Material to process
━━━━━━━━━━━━━━━━

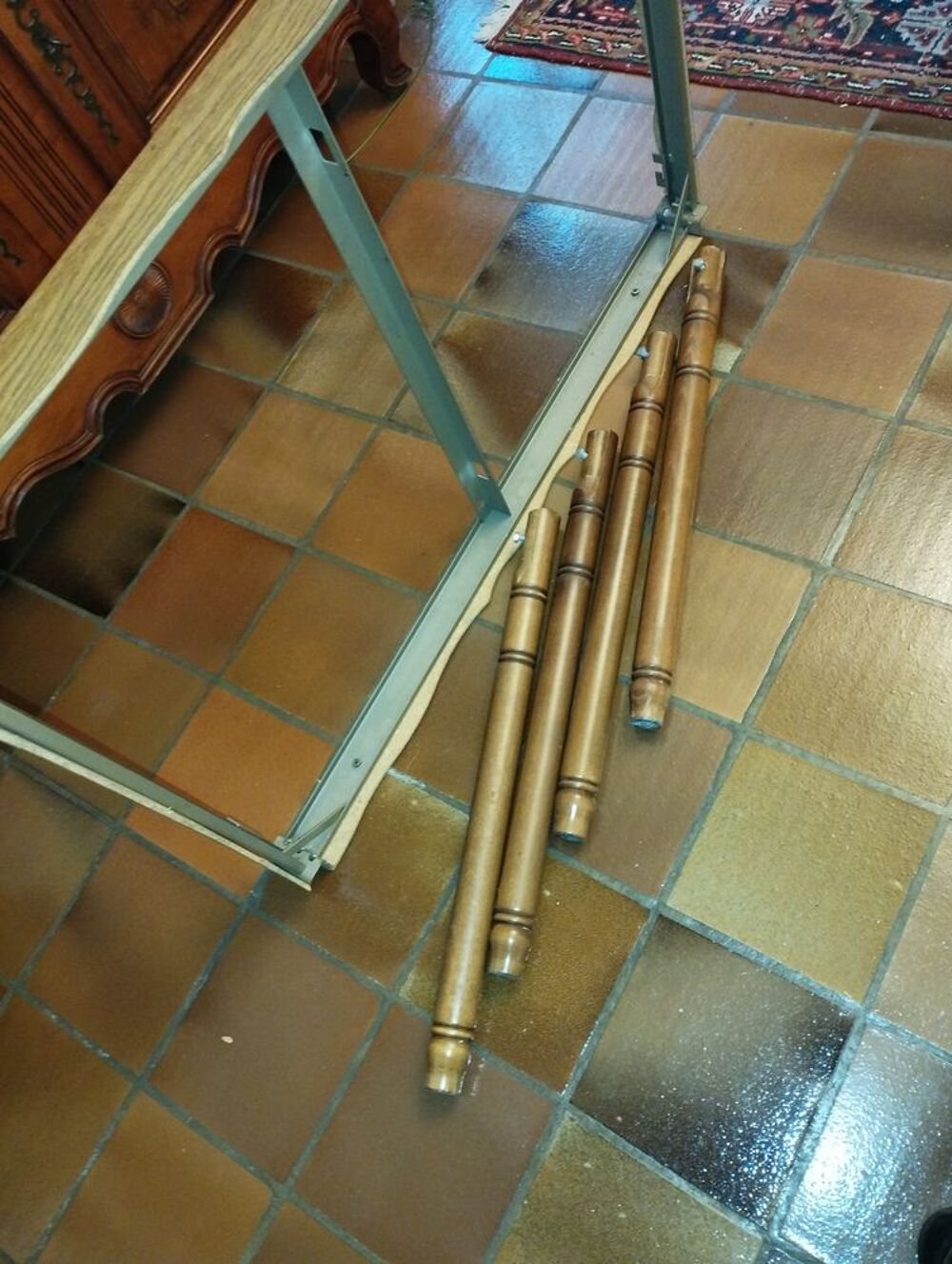 table de cuisine . Meubles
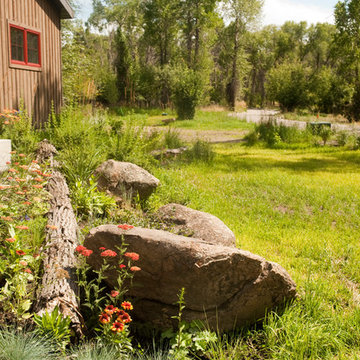 Manhattan, Montana - Rustic River Lodge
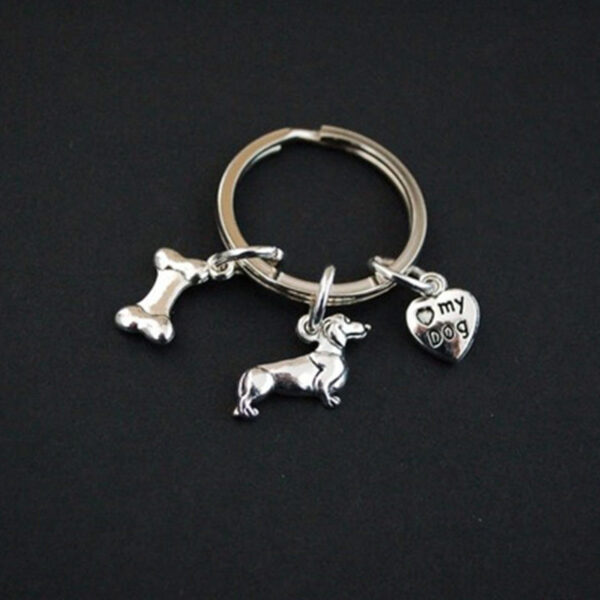 Wholesale Alloy Dachshund Heart Bone Keychain Stylish Dog Keychain for Car Keys or Bag Charm Boutique Resale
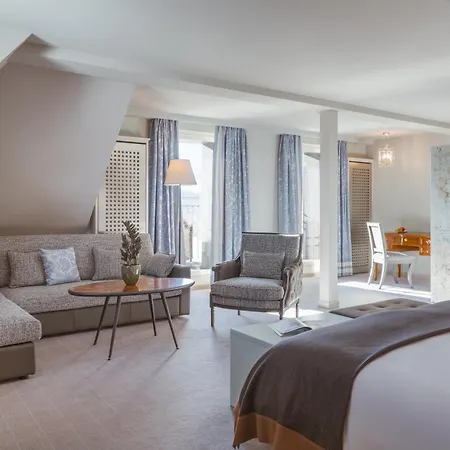 Carlton - The Leading Of The World St. Moritz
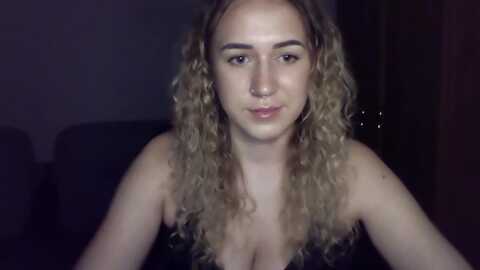 catrinlips @ myfreecams on 20231024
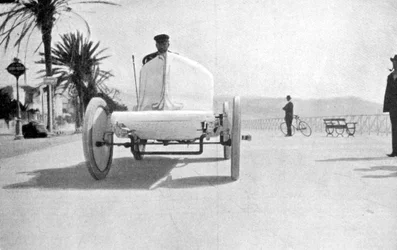 Leon Serpollet em seu carro a vapor Gardner-Serpollet, Nice, 1903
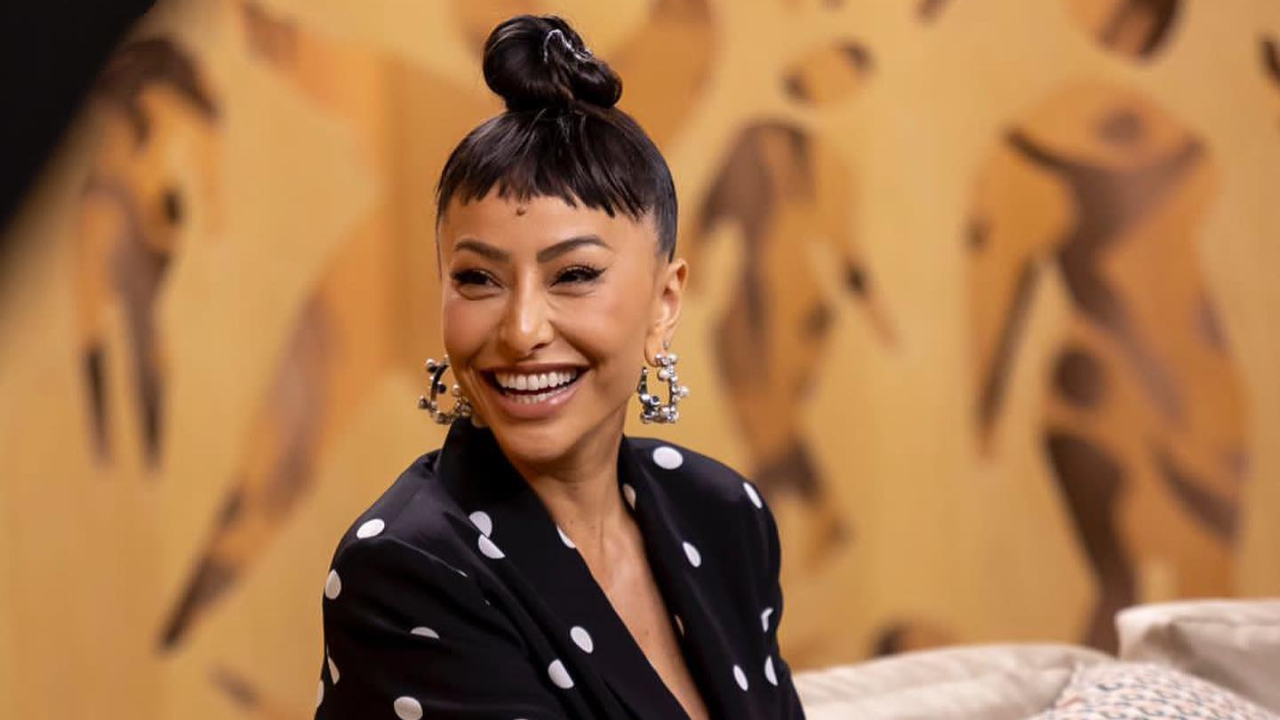 Sabrina Sato exibe bastidores da gravação do piloto de Saia Justa: ”Sorrisão no rosto e frio na barriga”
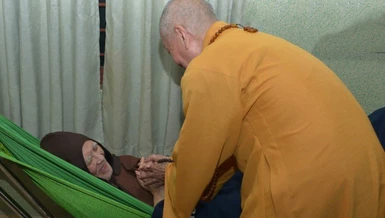 [Video] Đức Pháp chủ thăm Trưởng lão Hòa thượng Thích Trí Tịnh - Phó Pháp chủ GHPGVN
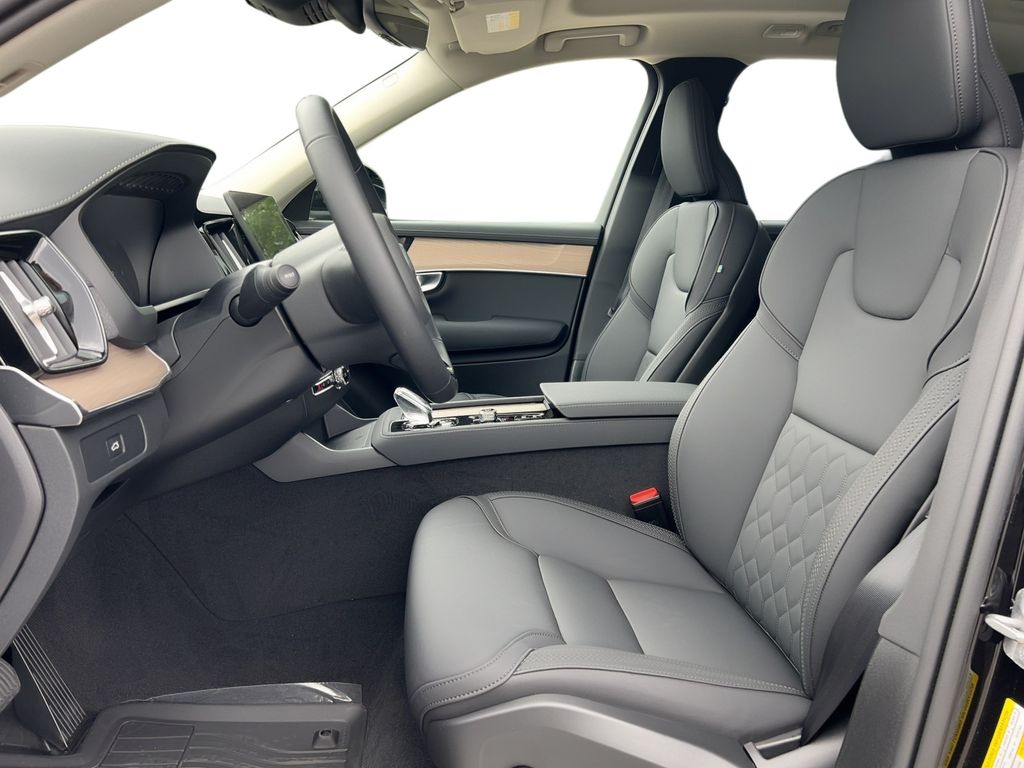 2026 Volvo XC90 Plus - Photo 6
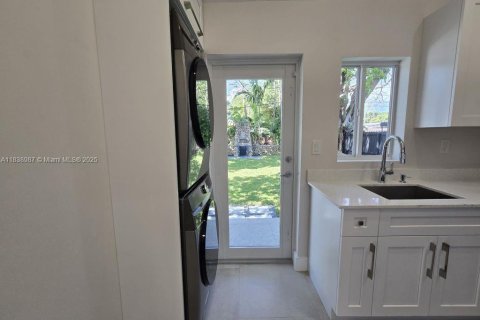 Commercial property in Miami, Florida 93.46 sq.m. № 1828943 - photo 29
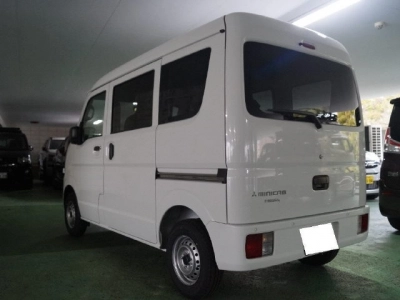 MITSUBISHI MINICAB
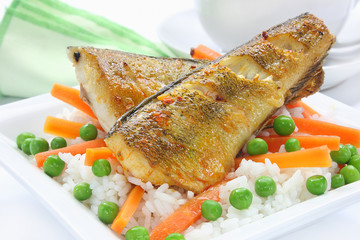 Fried fish with rice, carrots and green peas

━━━━━━━━━━━━━━━━

Exercise brief
The copy you give must run from the line containing "Manhattan, Montana - Rustic River Lodge" through the last line of the records, exactly, with the pictures left out.

Expected answer
 Manhattan, Montana - Rustic River Lodge
 Wholesale Alloy Dachshund Heart Bone Keychain Stylish Dog Keychain for Car Keys or Bag Charm Boutique Resale
 Carlton - The Leading Of The World St. Moritz
 catrinlips @ myfreecams on 20231024
 Leon Serpollet em seu carro a vapor Gardner-Serpollet, Nice, 1903
 Sabrina Sato exibe bastidores da gravação do piloto de Saia Justa: ”Sorrisão no rosto e frio na barriga”
 [Video] Đức Pháp chủ thăm Trưởng lão Hòa thượng Thích Trí Tịnh - Phó Pháp chủ GHPGVN
 2026 Volvo XC90 Plus - Photo 6
 Commercial property in Miami, Florida 93.46 sq.m. № 1828943 - photo 29
 MITSUBISHI MINICAB
 Fried fish with rice, carrots and green peas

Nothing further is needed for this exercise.